在内核中执行任何操作之前,usertrap中先将STVEC指向了kernelvec变量,这是内核空间trap处理代码的位置,而不是用户空间trap处理代码的位置。
然后来一步步分析代码,注意看注释部分
// 找出当前正在运行的进程 -- 通过hartid (之前切换pagetable前已经保存到t0)
struct proc *p = myproc();
// 把当前进程的pc保存到当前进程的trapframe(防止进程切换找不到了)
// save user program counter.
p->tf->epc = r_sepc();
// 找出usertrap的原因,如果如果是8,那么是系统调用
if(r_scause() == 8){
// system call
if(p->killed)
exit(-1);
// sepc points to the ecall instruction,
// but we want to return to the next instruction.
p->tf->epc += 4;
// an interrupt will change sstatus &c registers,
// so don't enable until done with those registers.
intr_on();
syscall();
}
sys_write
void
syscall(void)
{
int num;
struct proc *p = myproc();
num = p->tf->a7;
if(num > 0 && num < NELEM(syscalls) && syscalls[num]) {
p->tf->a0 = syscalls[num]();
} else {
printf("%d %s: unknown sys call %d\n",
p->pid, p->name, num);
p->tf->a0 = -1;
}
}
sys_write
(参数保存在a0,a1和a2),现在需要返回了处理返回用户空间之前,内核要做的工作。
//
// return to user space
//
void
usertrapret(void)
{
struct proc *p = myproc();
// turn off interrupts, since we're switching
// now from kerneltrap() to usertrap().
intr_off();
// send syscalls, interrupts, and exceptions to trampoline.S
w_stvec(TRAMPOLINE + (uservec - trampoline));
// set up trapframe values that uservec will need when
// the process next re-enters the kernel.

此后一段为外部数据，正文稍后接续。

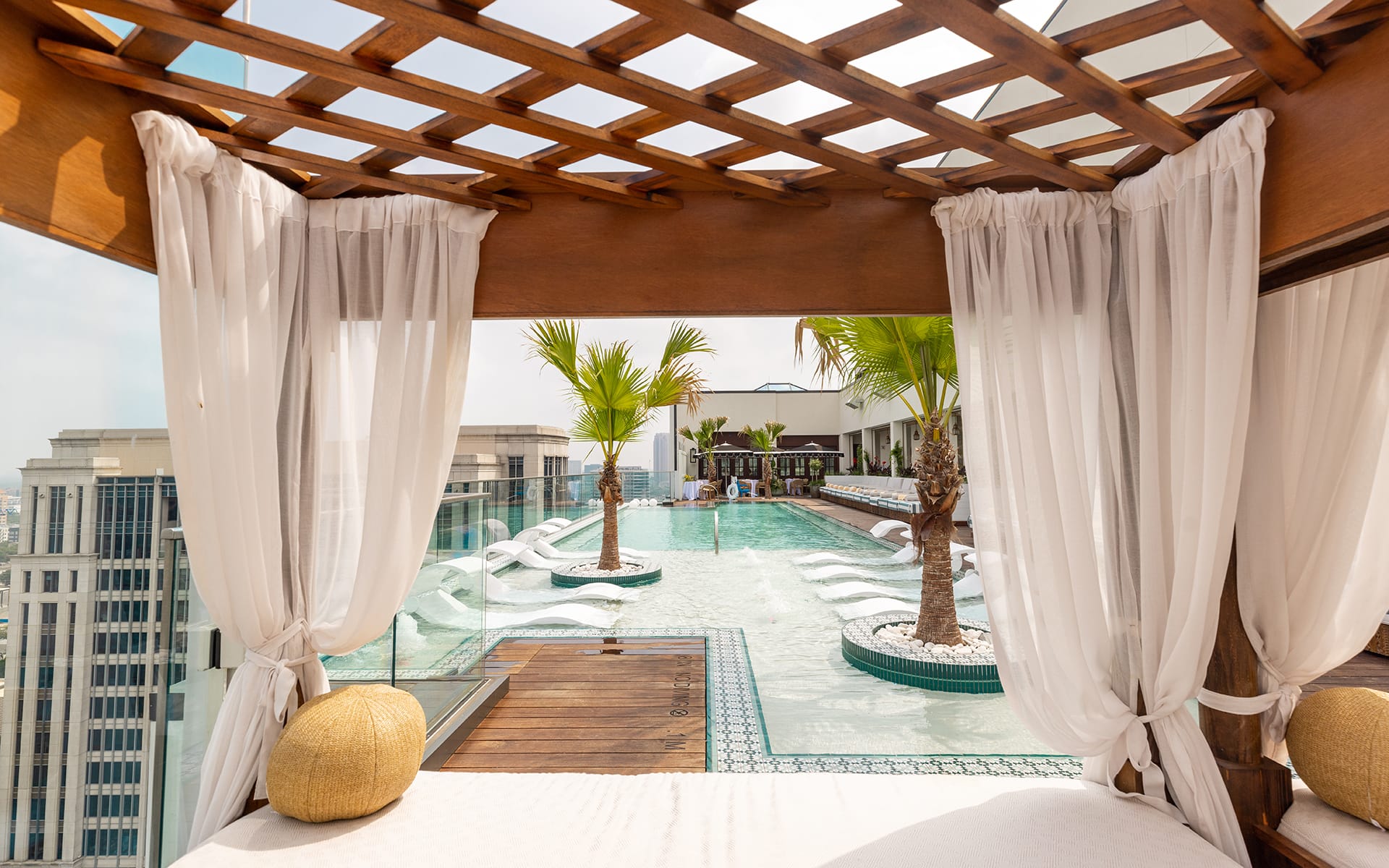 Rooftop pool with lounge chairs and palm trees, framed by white curtains under a wooden pergola on a sunny day.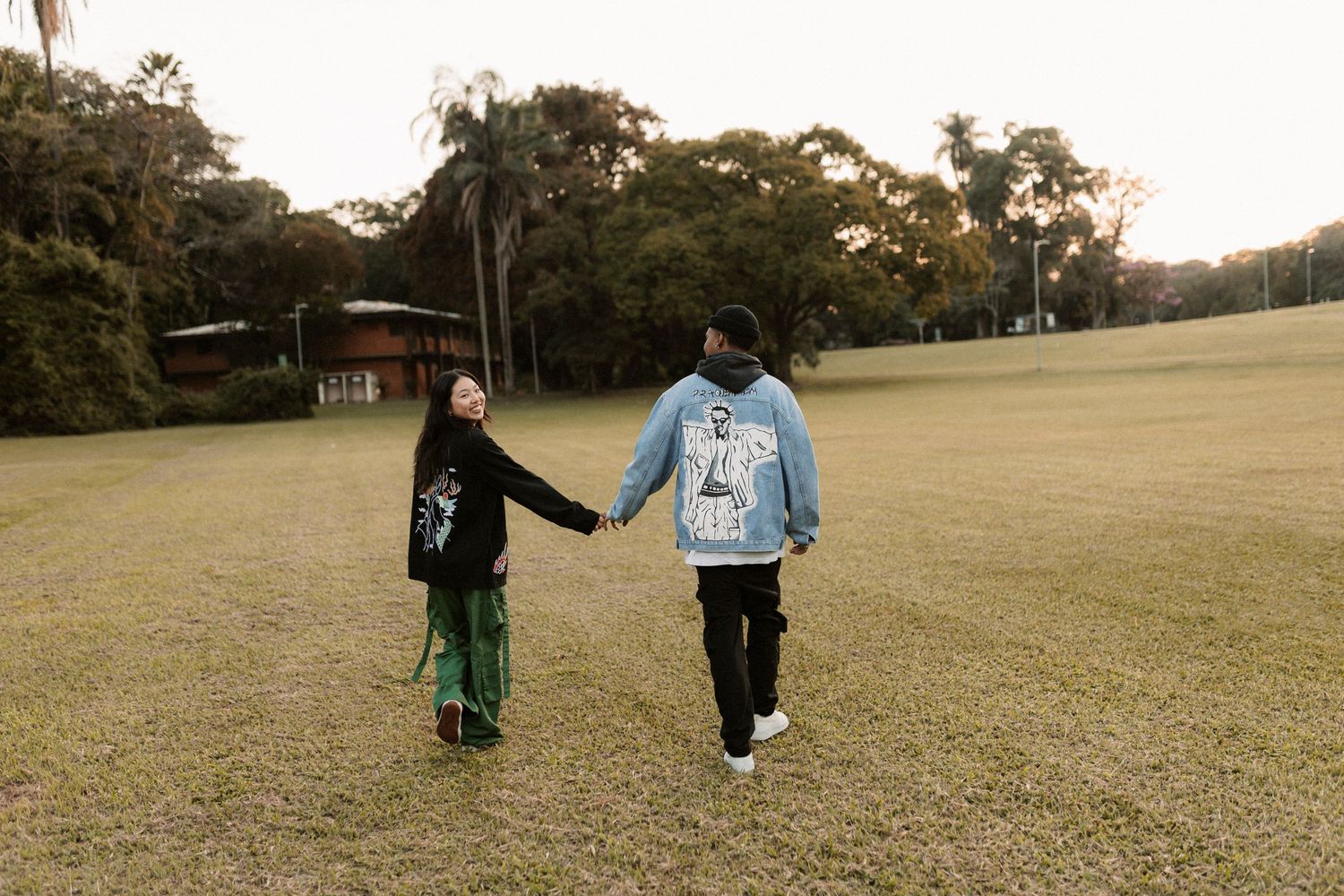 People walking together across a wide grassy field on an autumn day.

p->tf->kernel_satp = r_satp(); // kernel page table
p->tf->kernel_sp = p->kstack + PGSIZE; // process's kernel stack
p->tf->kernel_trap = (uint64)usertrap;
p->tf->kernel_hartid = r_tp(); // hartid for cpuid()
// set up the registers that trampoline.S's sret will use
// to get to user space.
// set S Previous Privilege mode to User.

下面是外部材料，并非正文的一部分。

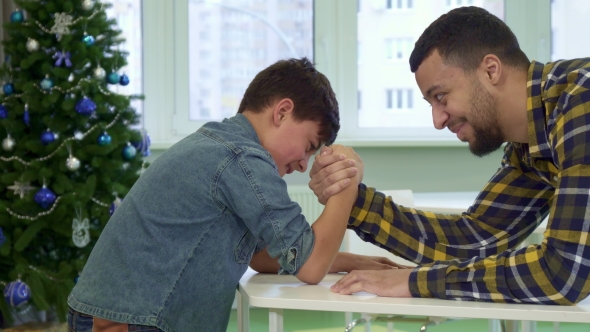 Father and Son Armwrestle on the Table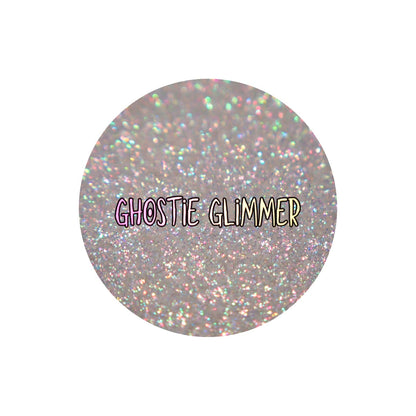 Dieverune Cosmetics Sporkleween highlighter in Ghostie Glimmer, round pan close-up labelled by the brand, multicoloured sparkles on a transparent base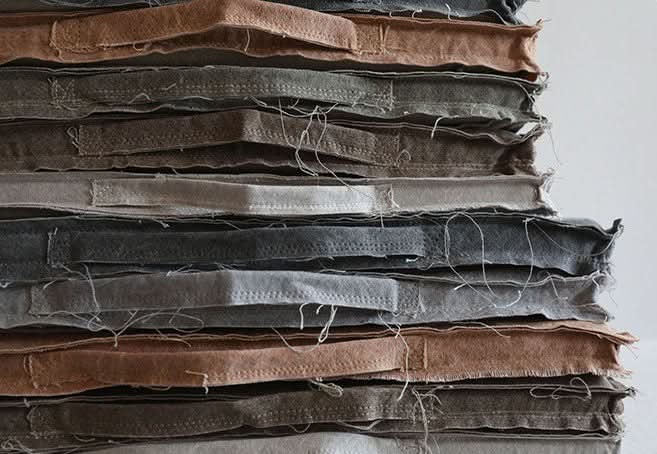 Customizable distressed squared linen cushions in muted earth tones, stacked.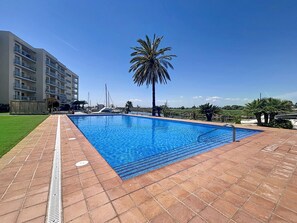 Ein Pool mit gefliestem Sonnendeck, einer Palme und einem Gebäude im Hintergrund.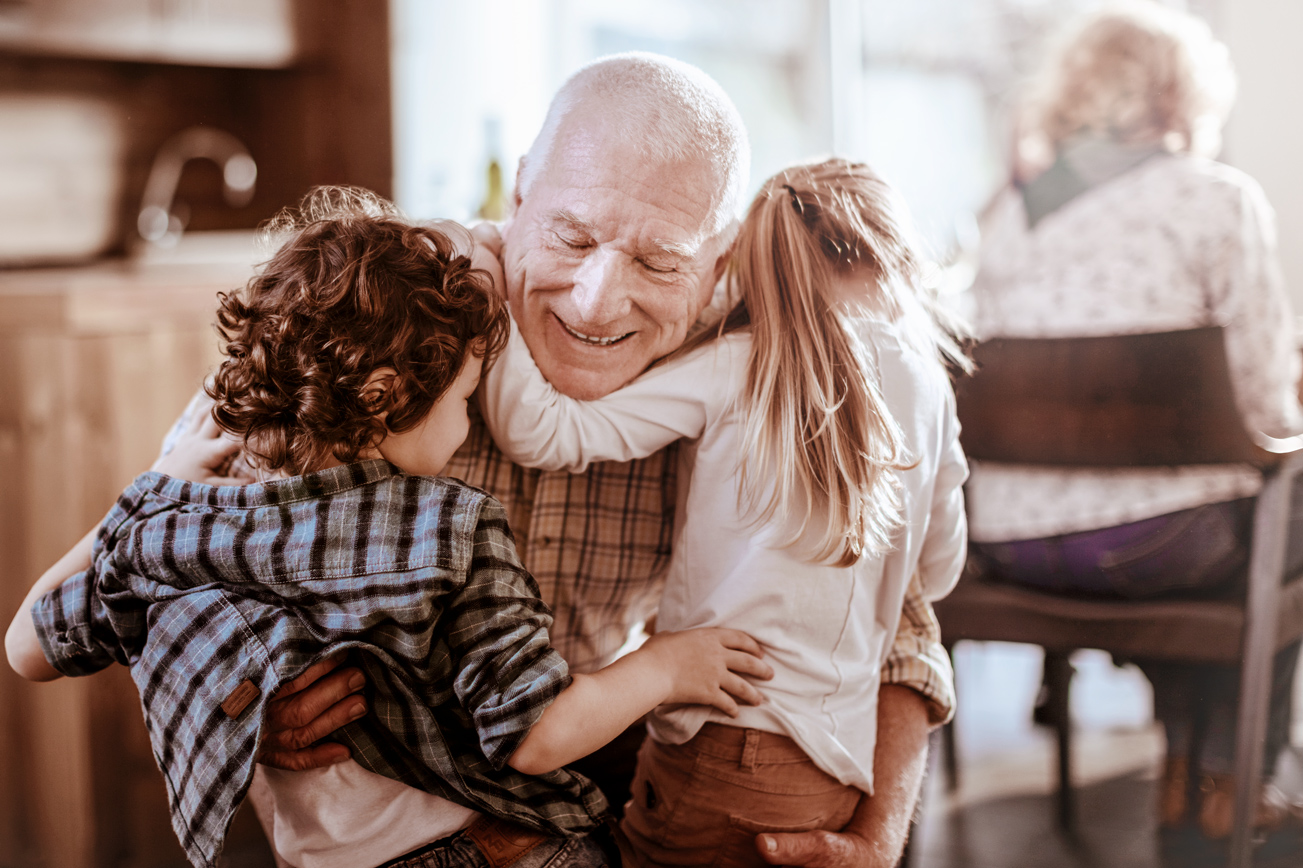 Close up of a grandfather playing with his grandkids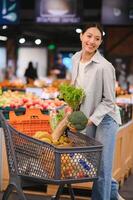 joven mujer comprando vegetales a tienda de comestibles mercado foto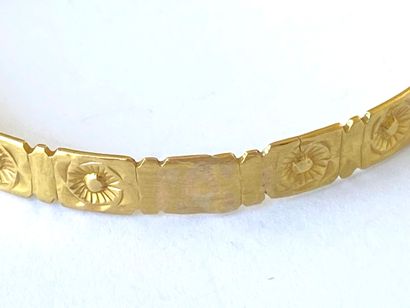 Yellow gold bangle decorated with stylized...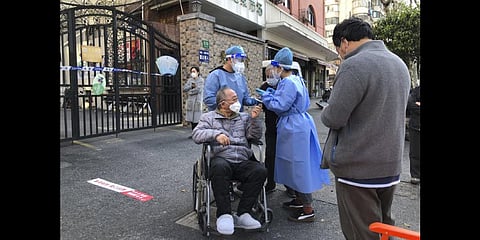 Workers in protective gear help a man in a wheelchair during the mass testing for residents in a lockdown area in the Jingan district of western Shanghai on April 4, 2022. (Photo | AP)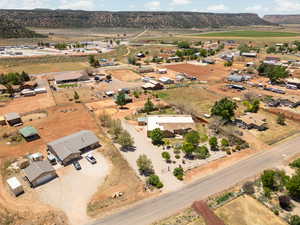 Birds eye view of property with a rural view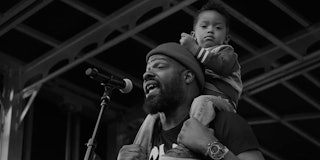 Shawn William performs with his son. 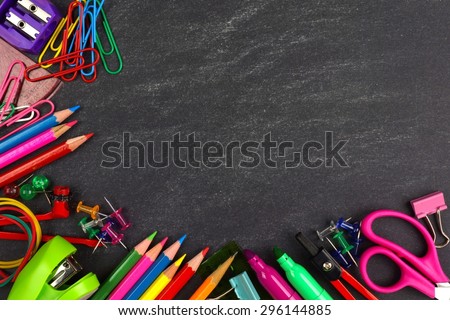 School supplies bottom corner border on a chalkboard background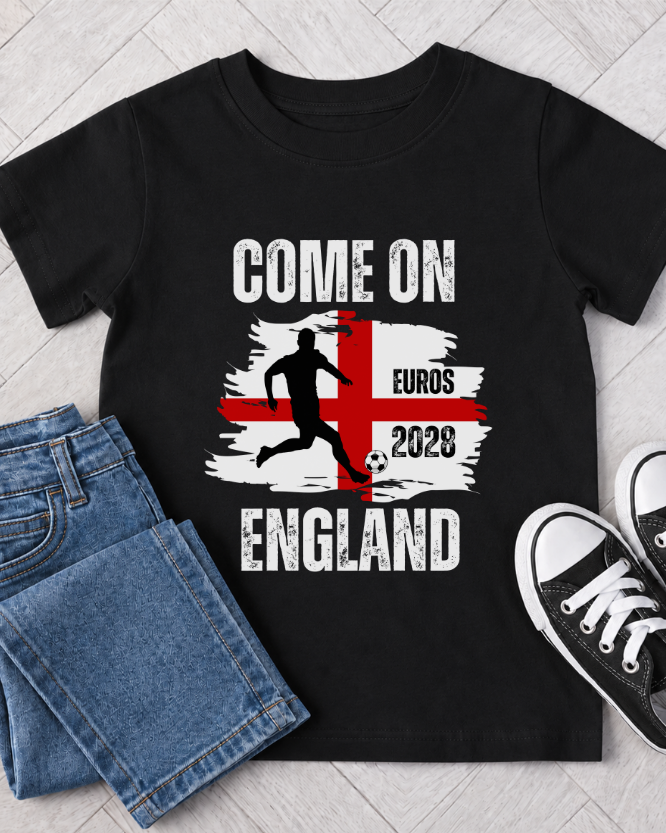 Kids Come On England Euros 2028 football T-shirt flat lay with St George’s flag design, footballer graphic, jeans and black trainers.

unsigned long x = r_sstatus();
x &= ~SSTATUS_SPP; // clear SPP to 0 for user mode
x |= SSTATUS_SPIE; // enable interrupts in user mode
w_sstatus(x);
// set S Exception Program Counter to the saved user pc.
w_sepc(p->tf->epc);
// tell trampoline.S the user page table to switch to.
uint64 satp = MAKE_SATP(p->pagetable);
// jump to trampoline.S at the top of memory, which
// switches to the user page table, restores user registers,
// and switches to user mode with sret.
uint64 fn = TRAMPOLINE + (userret - trampoline);
((void (*)(uint64,uint64))fn)(TRAPFRAME, satp);
}
unsigned long x = r_sstatus();
// tell trampoline.S the user page table to switch to.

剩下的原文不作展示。